The stars twinkle in our sky because Earth’s atmosphere scatters starlight.  The Sun has an atmosphere too, so it shouldn’t surprise you to learn that when astronomers observe stars that happen to be near the Sun (as viewed from Earth), they can see that the Sun’s atmosphere also scatters starlight.

What might surprise you—and what did surprise astronomers in the 1950’s—is that this scattering effect can extend very, very far into the space around the Sun.  The Sun’s atmosphere must be huge!  As reported in this 1959 article from Scientific American, the Sun’s atmosphere might be so big that it encompasses Earth!

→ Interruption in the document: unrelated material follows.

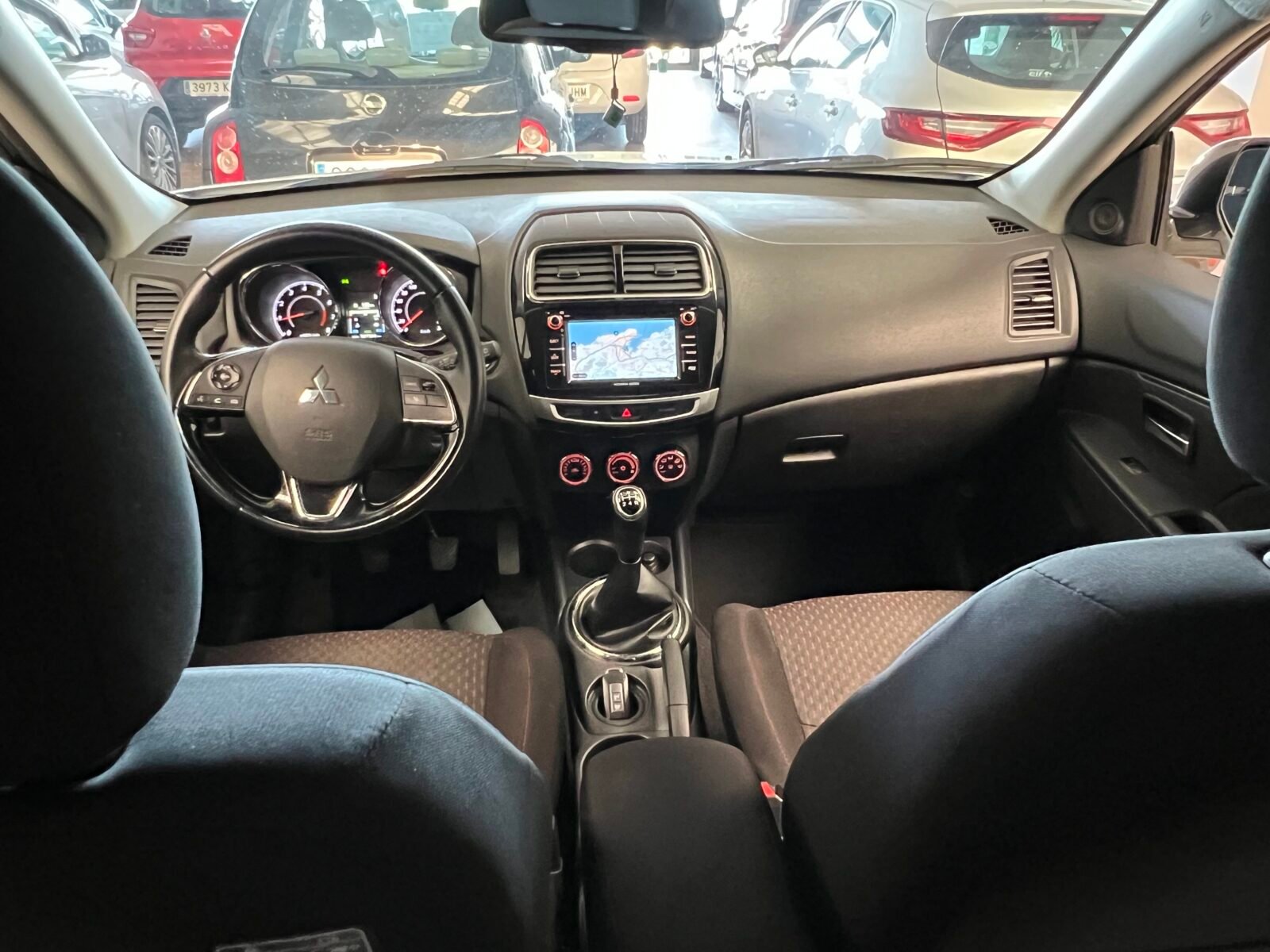 MITSUBISHI ASX 1.6 Motion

Pursuing this and other lines of evidence (such as the apparent correlation between flare activity on the Sun and aurorae here on Earth, as well as apparent 11 year fluctuations in cosmic radiation levels), American astrophysicist Eugene Parker wrote this paper in 1958, introducing a concept now known as the solar wind.

As you might imagine, the Sun’s atmosphere is hot.  Absurdly hot.  Remember that temperature is really just a measure of the average velocity of atoms, and you’ll soon realize (as Parker did) that atoms in the Sun’s atmosphere must have enough velocity to escape the Sun’s gravity.  And since those atoms would also be ionized, these streams of ionized particles coming from the Sun would serve as extensions of the Sun’s magnetic field.

The term solar wind doesn’t appear in that 1958 paper.  Parker first introduces that term in this 1959 paper, in which he defends his idea and responds to critiques from other astrophysicists.  As Parker explains:

In view of the simple hydrodynamic origin of the expansion, it seems appropriate to term the stream a solar wind.

Also in 1959, the Soviet Union’s Luna 1 space probe gathered the first empirical evidence that the solar wind really does exist, leading to confirmation that Eugene Parker’s solar wind hypothesis was correct.

And today, a NASA spacecraft named in Parker’s honor is spiraling closer and closer to the Sun, gathering more data about the solar wind and other mysterious phenomena associated with the Sun.